Entries taken from a collection
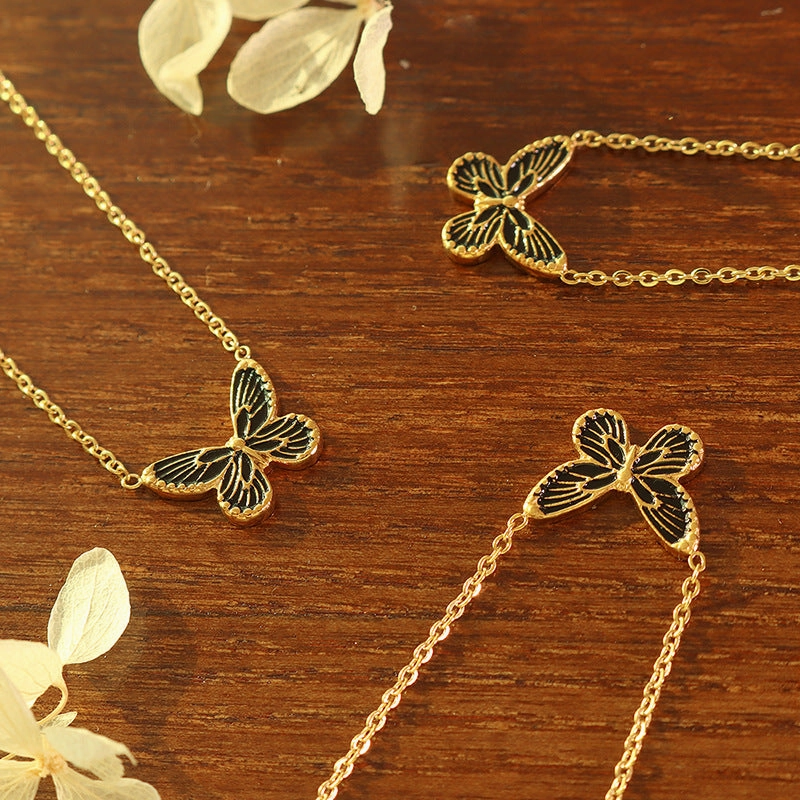 Wholesale Wavy Pattern Butterfly Distressed Pendant Titanium Steel Gold Plated Necklaces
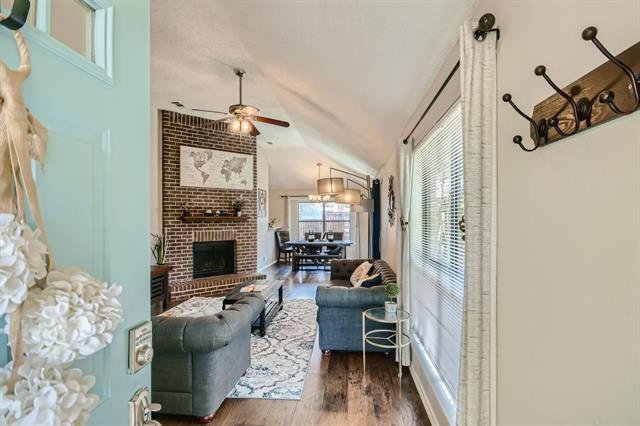 Foto del edificio - 627 Meadowbrook St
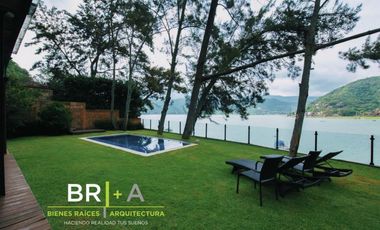 Casa en exclusivo condominio en la Peña  con acceso y vista al lago.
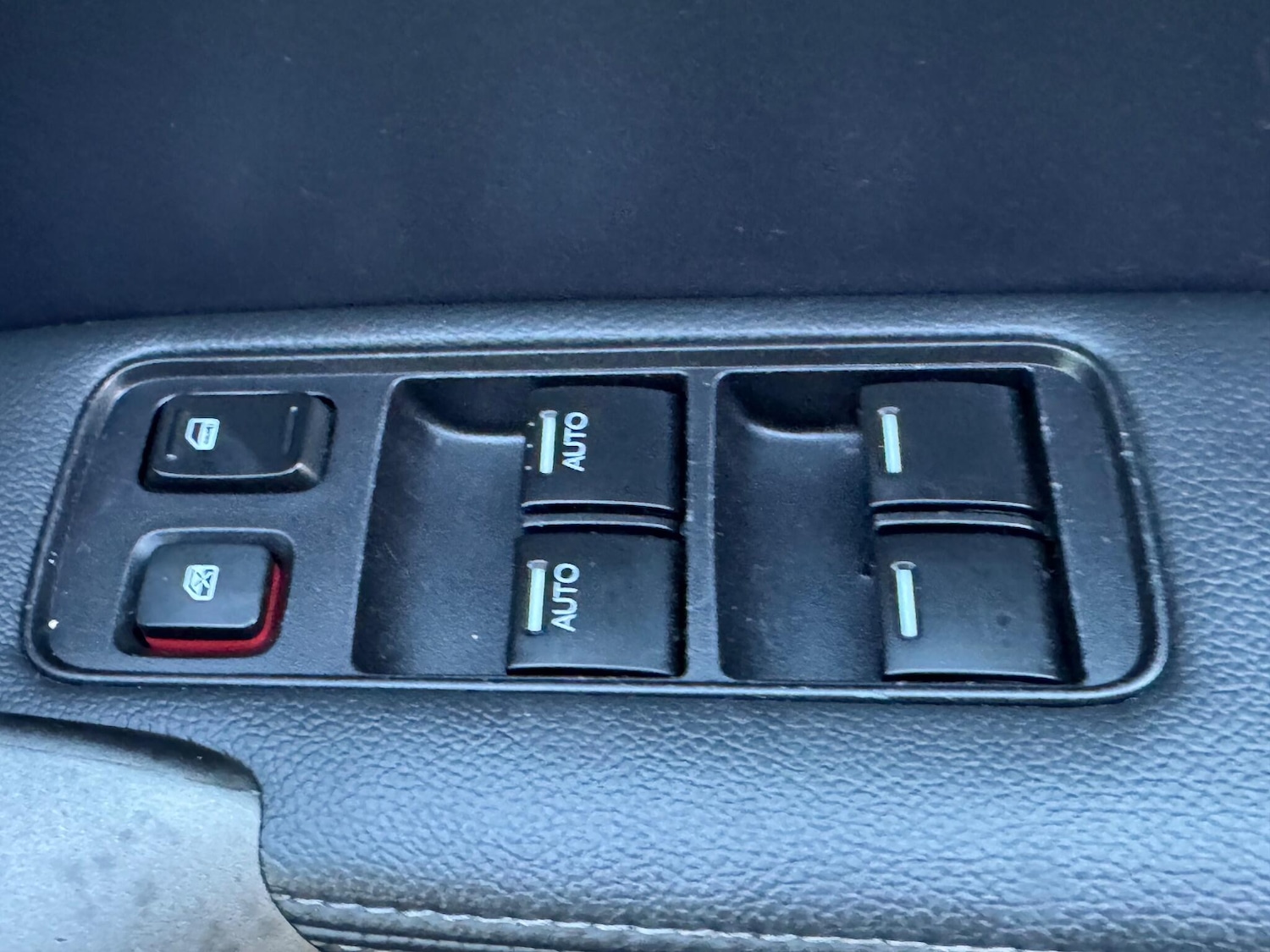 Used Honda CR-V 2011 for sale - 76561027: Photo 25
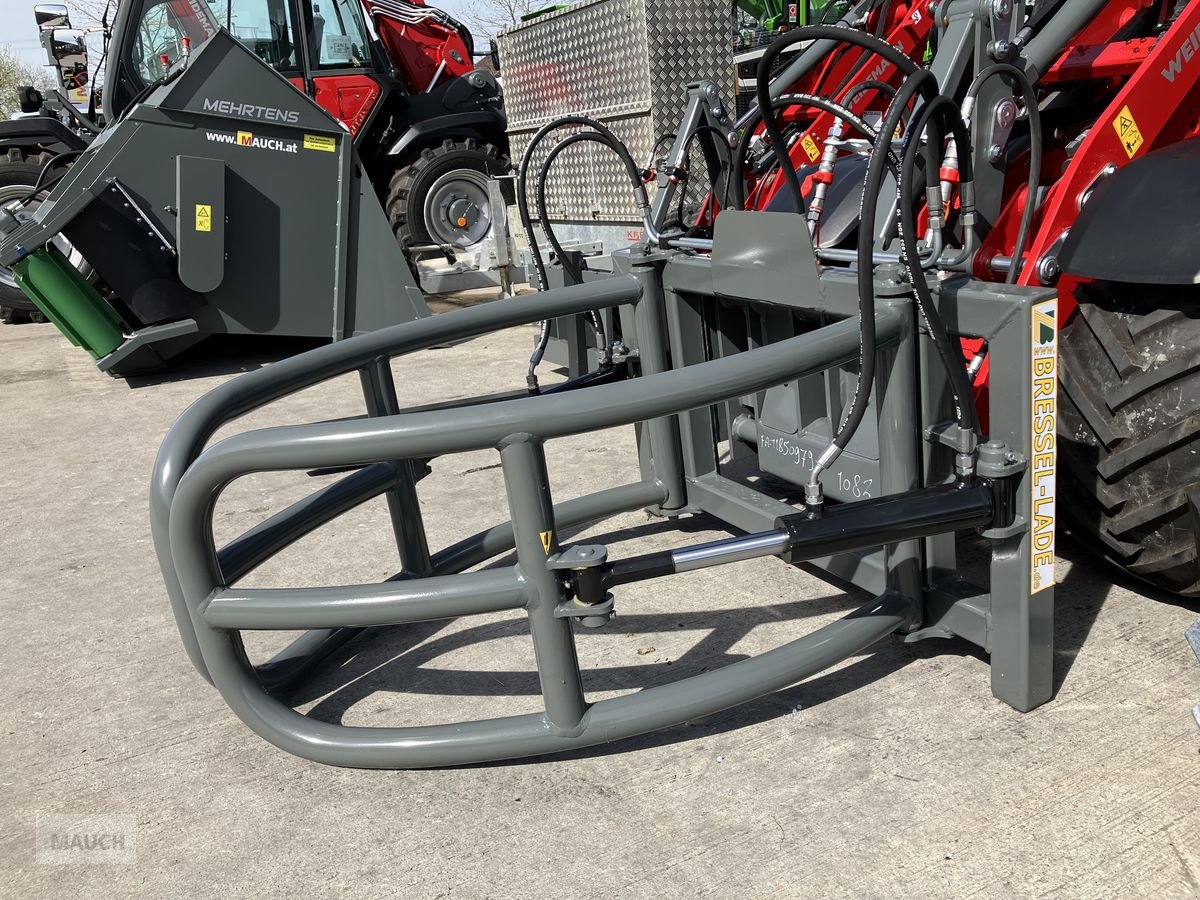 Ladeschaufel des Typs Bressel & Lade Ballenzange mit Euro-Aufnahme AKTION, Neumaschine in Burgkirchen (Bild 1)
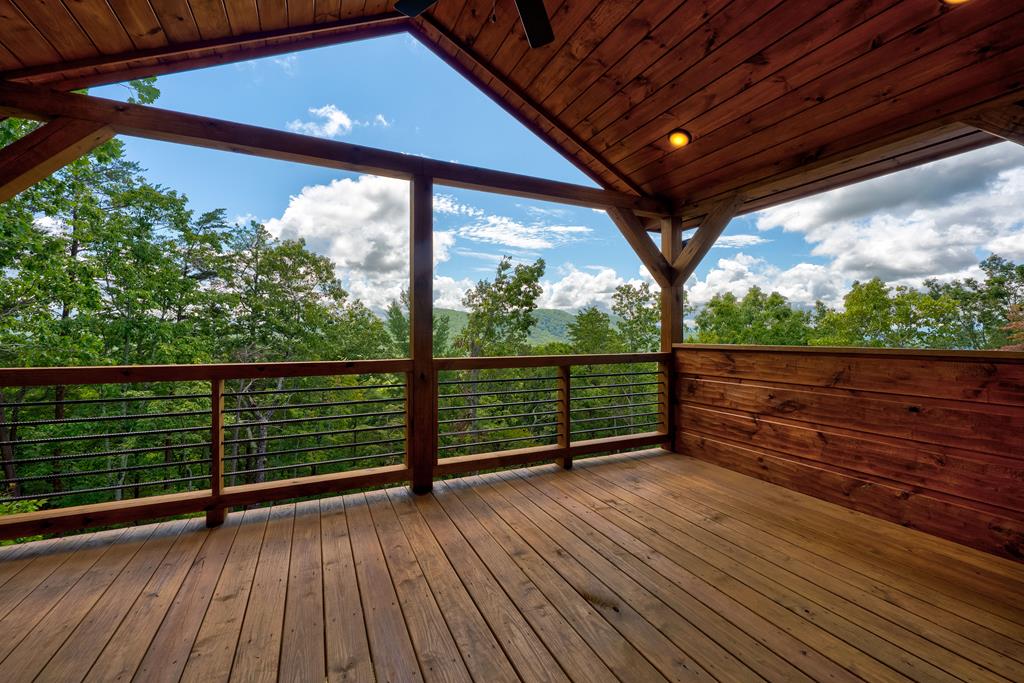 418267 Mineral Bluff Residential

TASK TO COMPLETE =>
Leave the pictures out, and restate exactly the lines from the start of the records through the one that contains "Ladeschaufel des Typs".

RESPONSE BELOW =>
 Wholesale Wavy Pattern Butterfly Distressed Pendant Titanium Steel Gold Plated Necklaces
 Foto del edificio - 627 Meadowbrook St
 Casa en exclusivo condominio en la Peña  con acceso y vista al lago.
 Used Honda CR-V 2011 for sale - 76561027: Photo 25
 Ladeschaufel des Typs Bressel & Lade Ballenzange mit Euro-Aufnahme AKTION, Neumaschine in Burgkirchen (Bild 1)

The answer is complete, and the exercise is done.